Sensor Fusion of Planet, Landsat and MODIS Data for Unprecedented Land Surface Monitoring

In the midst of a revolution Earth Observation, due to increasingly diverse and temporally dense data feeds enabled by cubesats and other sensors, there is a need to be interoperable across sensors.

In the journal Remote Sensing of Environment, Rasmus Houborg and Matt McCabe present the Cubesat-enabled Spatio-Temporal Enhancement Method (CESTEM), which uses multi-scale machine learning to stabilize radiometry across Planet’s flocks of cubesats.

By ingesting nearly-coincident images from Planet, Landsat and MODIS with this machine learning technique, Houborg and McCabe are able to produce data feeds consistent with Landsat 8 radiometry, but at the spatial and temporal resolution of Planet’s cubesats (i.e., 3.7m, daily).

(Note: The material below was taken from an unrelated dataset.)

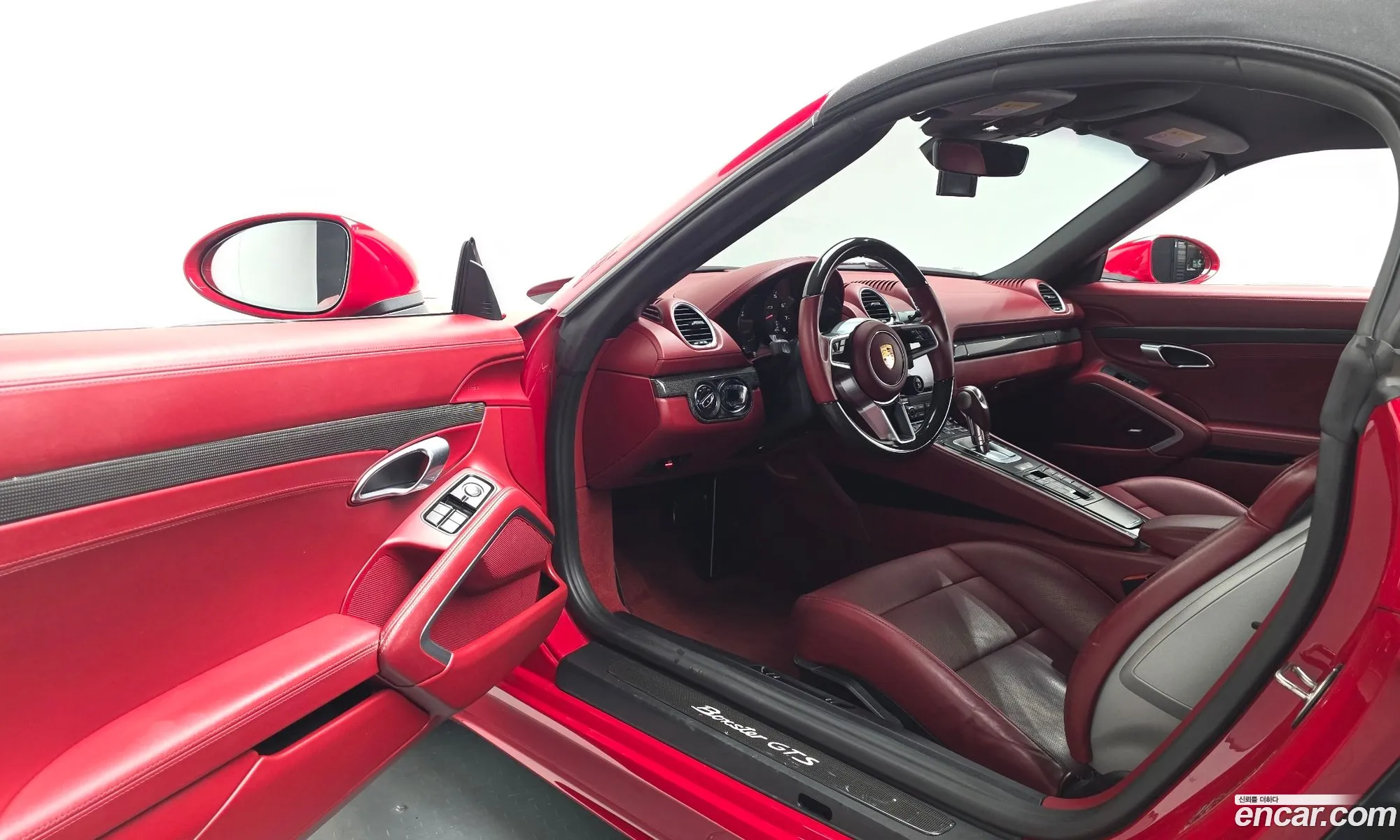 Porsche 718 Boxster 2019 WP0CB2984KS228523 — 10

The authors note that “with the observing potential of Planet’s CubeSats approaching daily nadir-pointing land surface imaging of the entire Earth, CESTEM offers the capacity to produce daily Landsat 8 consistent VNIR imagery with a factor of 10 increase in spatial resolution and with the radiometric quality of actual Landsat 8 observations.”

 

Conceptual framework of the Cubesat-enabled Spatio-Temporal Enhancement Method (CESTEM) developed by Houborg and McCabe, which ingests near-coincident PlanetScope (PS), Landsat 8 (L8) and MODIS (MCD43) observations to model Landsat-consistent radiometry at the spatial and temporal resolution of Planet’s Dove cubesats.